KİBİR KENARA BIRAKILMALI
Egonun zararları malum, son yıllarda üzerine fazlasıyla tartışılan, düşünülen ve çalışılan bir konu. İşte, ilişkilerde ve türlü platformlarda çokça duyduğumuz; ‘Şimdi egolarımızı bir kenara koyalım’ sözünün kendi içinde bir mantık hatasına düştüğünün farkında mıyız acaba? Ego zaten varlığı ile içimizde bulunması gereken bir savunma mekanizmasıdır. Asıl kenara bırakmamız gereken ‘kibrimiz’ olmalıdır. Aşırı ego şişkinliği insana türlü zararlar verebilir. Etrafındaki özü sözü bir insanları kaybetmesine, yerine etrafını egosunu tatmin edecek sahte insanlarla doldurmasına sebep olabilir. Ancak insanın kibri bünyesinden attıktan sonra yerine ne koyması gerektiği kısmı biraz ihtilaflı kalmış. Tasavvuf yolunda cehalet içinde atılan her adım, insanın hem kalbini yorar hem işini zorlaştırır.

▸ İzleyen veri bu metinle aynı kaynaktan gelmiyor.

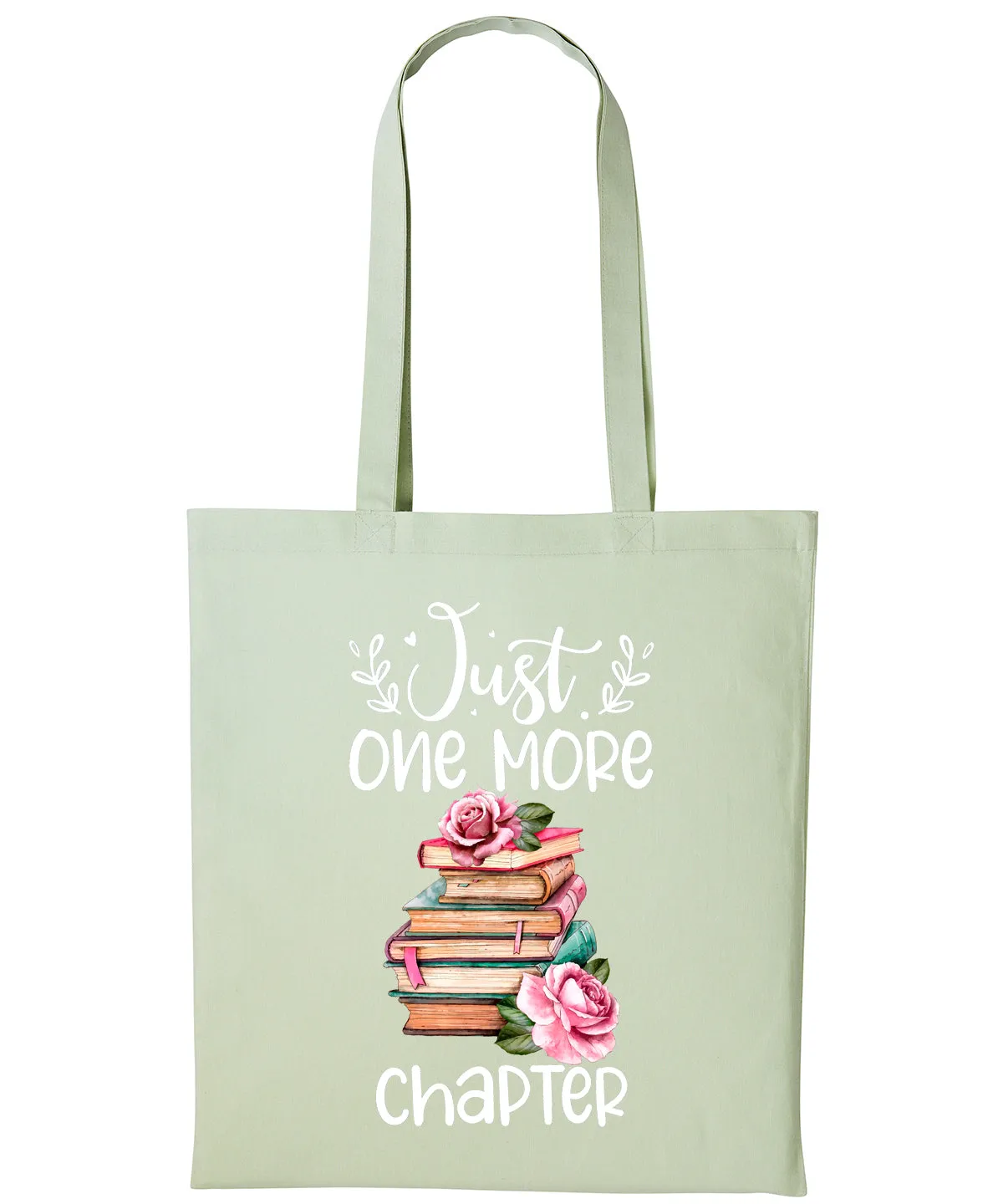 ONE MORE CHAPTER Bookworm Bag Cotton Shopper Book Lover for her Tote Books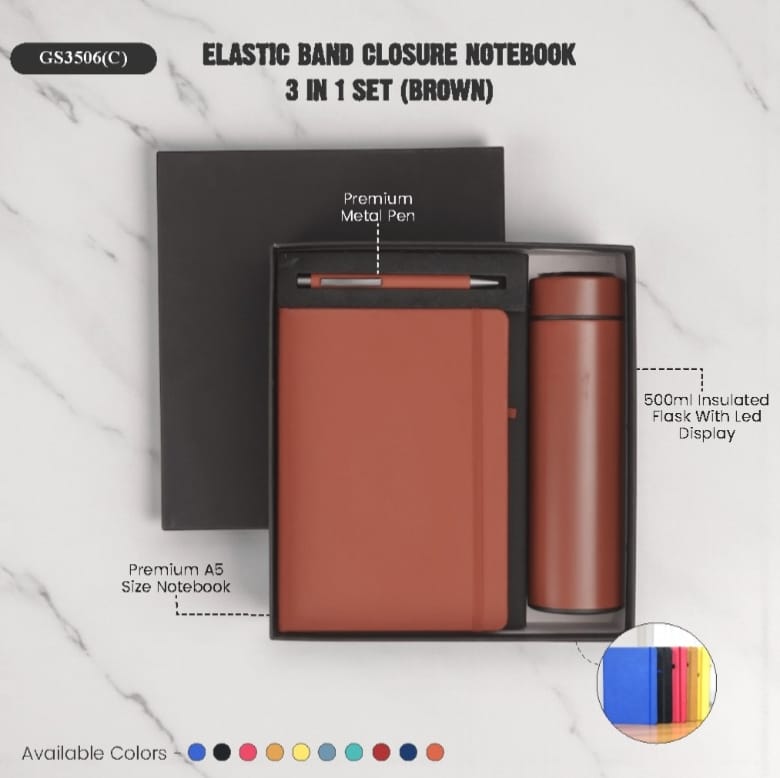 Elastic Band Closure Notebook 3-in-1 Set (Brown)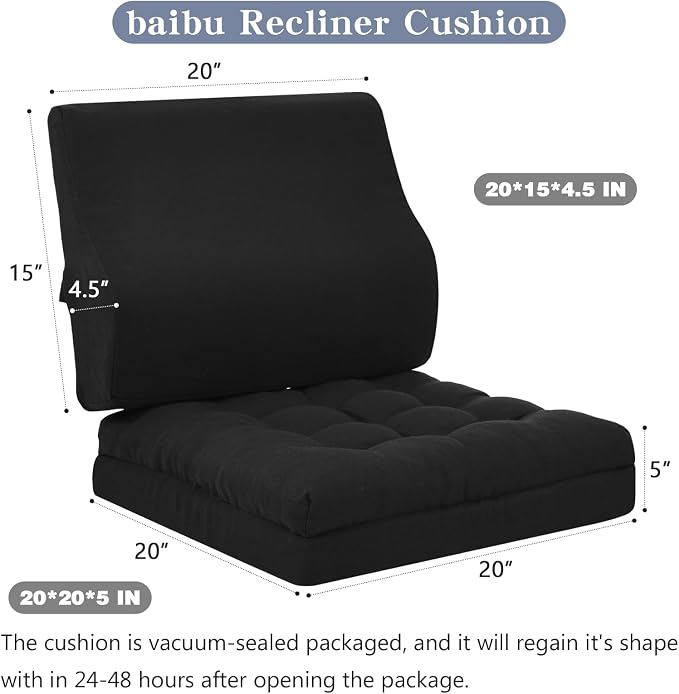 baibu Extra Large Memory Foam Recliner Cushions with Lumbar Support Pillow for Elderly, 20x20x5 Inch Thick Dual-Layer Patent Design Non-Slip Recliner Seat Cushion for Reduce Hip & Lumbar Pain, Black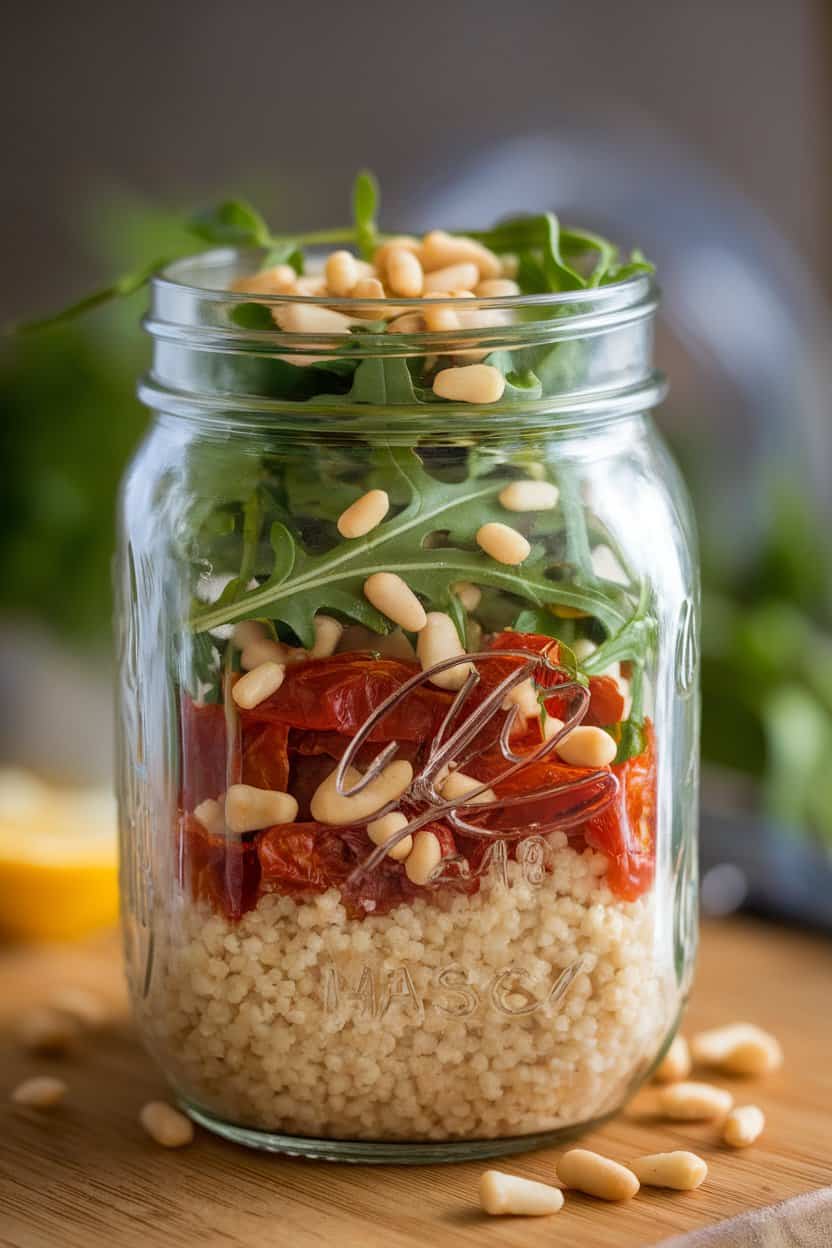 Photo of a mason jar indoors layered with fluffy couscous, chopped sun-dried tomatoes, arugula, and toasted pine nuts. No text or logos visible.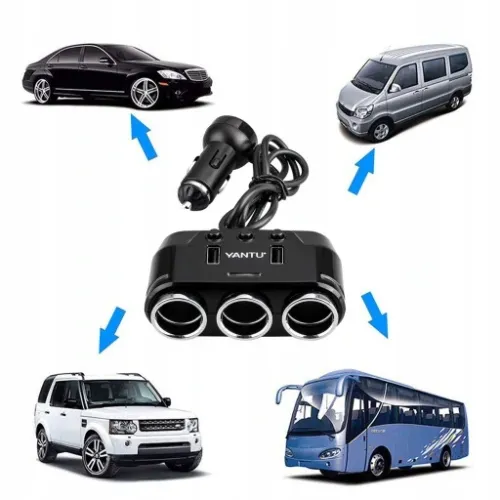 ROZDZIELACZ GNIAZDA ZAPALNICZKI 12V/24V ŁADOWARKA 3.1A + WOLTOMIERZ na Arena.pl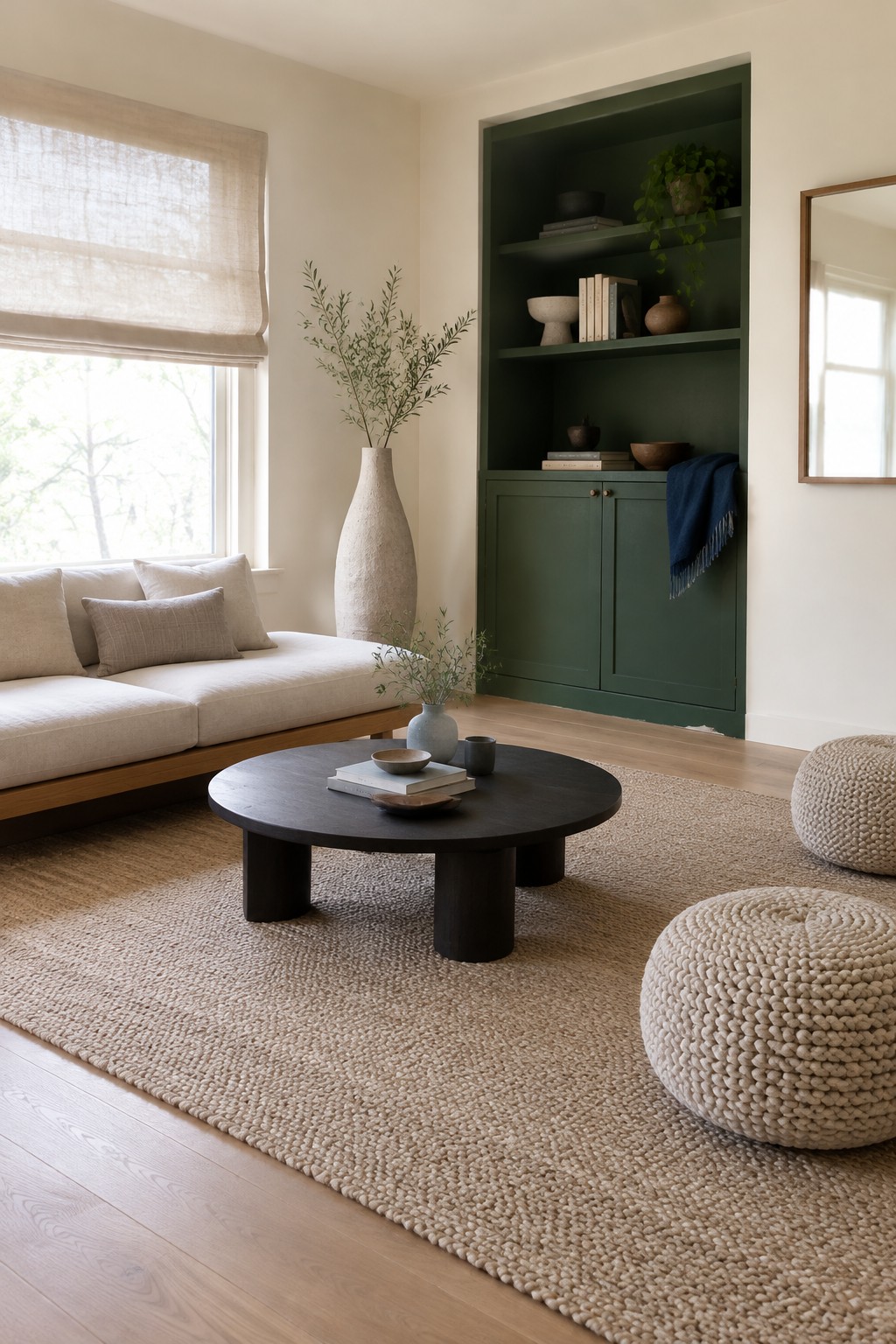 Deep green built-in shelves and cabinets in a cream-walled living room.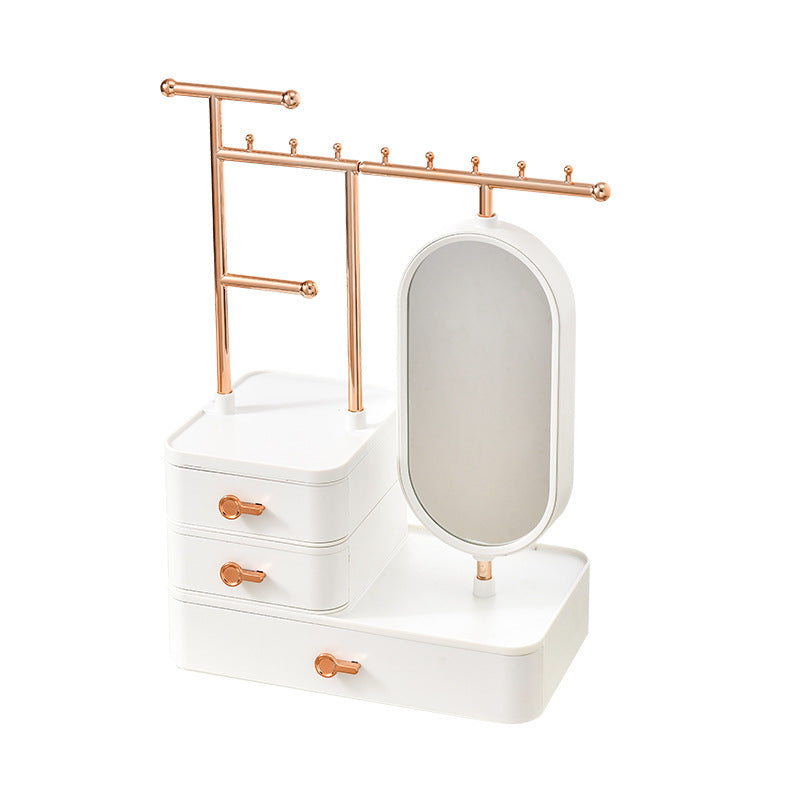 Elegant White Jewelry Organizer with Mirror - Multi-Layer Storage &amp; Display Stand (25x15x37.5cm)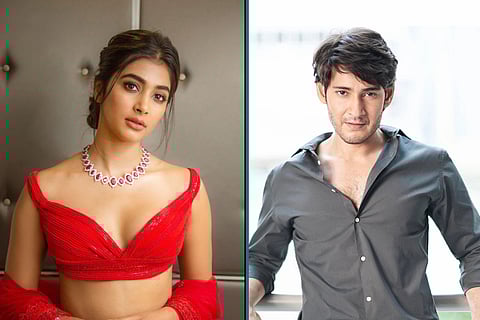 Pooja Hegde on the left and Mahesh Babu on the right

Kibrin, müdanasızlığın çok ciddi problemler haline geldiği çağımızda her iki uçta kalmakta ısrar etmenin de insana hiçbir fayda sağlamadığı apaçıktır. O halde kişi evvela ilmini arttırmalı, sonrasında ilmi ile amel etmesini bilmelidir.
‘TEVAZU GİZLİ KİBİRDİR’
Tevazunun da farkında olmadığımız zararları dokunabilir. ‘Tevazu gizli kibirdir.’ Der kimileri. Burada kastedilen elbette yine ölçüyü aşma halidir. Ölçüyü aşan insanların yanında bulunmak, tevazu halini korumasını bilene zahmet, bilmeyene kibre doğru yaklaştırarak büyük eziyet verir. Talip, şayet henüz kendi içinde hiçlik makamının sırları ile sükuta eremedi ise böyle bir ortamda kalarak kendine yapacağı tek şey eziyet olacaktır.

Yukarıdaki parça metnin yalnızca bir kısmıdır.